──────── Entries supplied
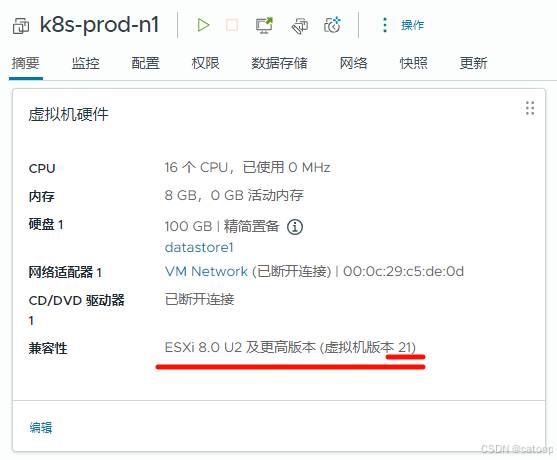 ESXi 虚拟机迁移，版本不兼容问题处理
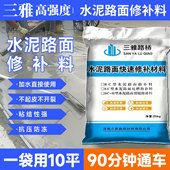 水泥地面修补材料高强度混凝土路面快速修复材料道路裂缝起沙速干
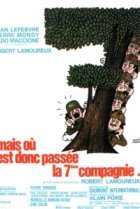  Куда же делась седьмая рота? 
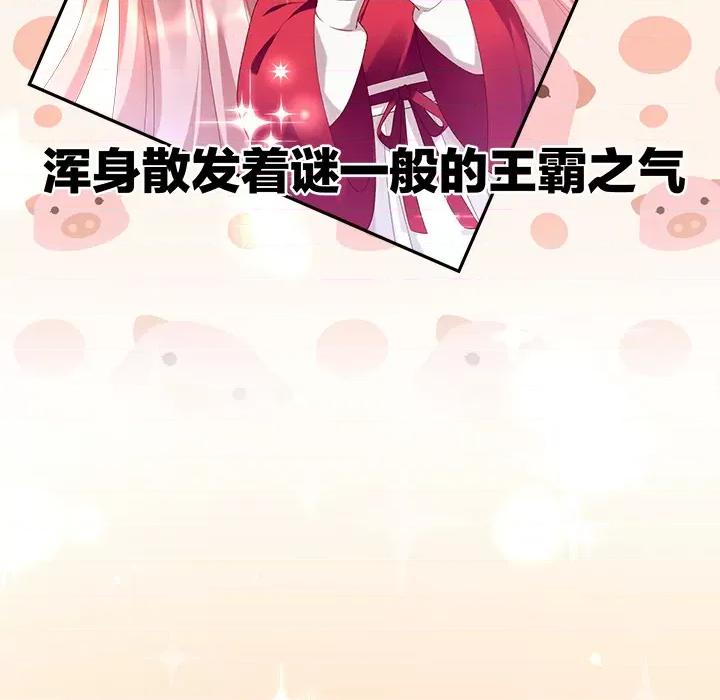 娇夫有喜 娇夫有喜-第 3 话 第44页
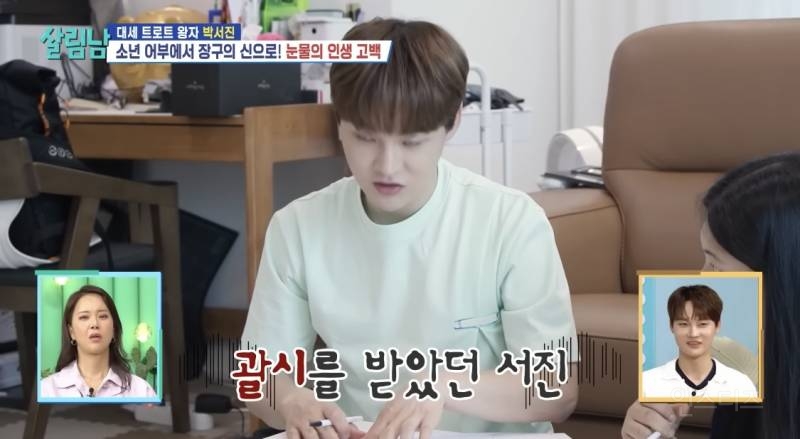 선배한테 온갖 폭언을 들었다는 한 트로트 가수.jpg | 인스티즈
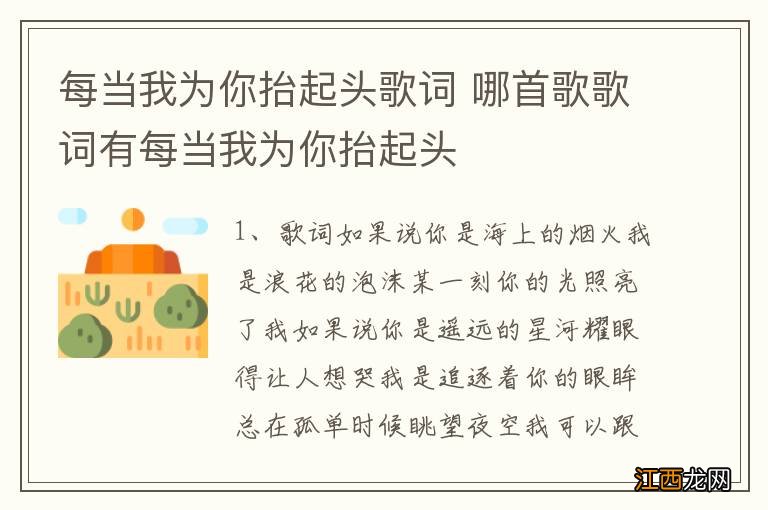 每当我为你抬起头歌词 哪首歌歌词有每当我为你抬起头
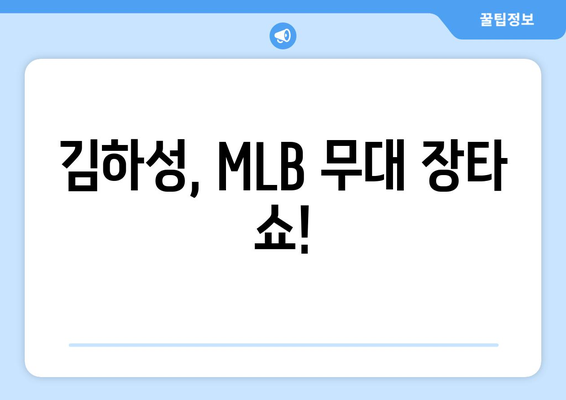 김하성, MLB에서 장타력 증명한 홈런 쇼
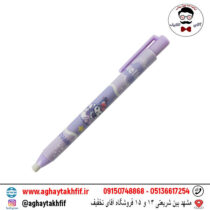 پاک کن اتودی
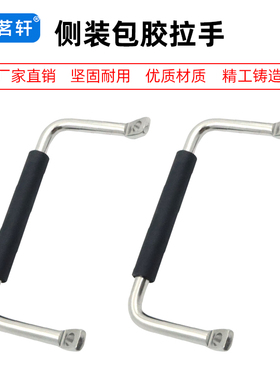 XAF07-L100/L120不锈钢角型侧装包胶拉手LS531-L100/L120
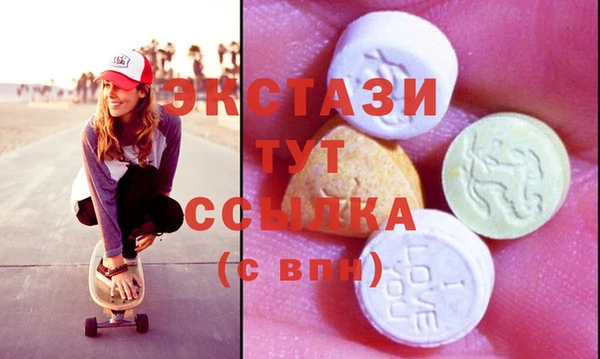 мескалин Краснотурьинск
────────────────
──────── Entries supplied
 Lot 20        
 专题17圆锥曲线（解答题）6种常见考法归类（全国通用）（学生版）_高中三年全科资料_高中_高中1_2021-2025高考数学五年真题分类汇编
────────────────
──────── Entries supplied
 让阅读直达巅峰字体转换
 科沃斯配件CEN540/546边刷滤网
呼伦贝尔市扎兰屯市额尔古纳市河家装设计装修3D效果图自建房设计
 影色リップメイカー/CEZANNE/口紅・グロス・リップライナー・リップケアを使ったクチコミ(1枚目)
────────────────
#### Problem to solve
Could you retype exactly the lines above, starting at the line that contains "科沃斯配件CEN540/546边刷滤网" and ending at the line that contains "影色リップメイカー/CEZA", and nothing more?

#### Written response
 科沃斯配件CEN540/546边刷滤网
呼伦贝尔市扎兰屯市额尔古纳市河家装设计装修3D效果图自建房设计
 影色リップメイカー/CEZANNE/口紅・グロス・リップライナー・リップケアを使ったクチコミ(1枚目)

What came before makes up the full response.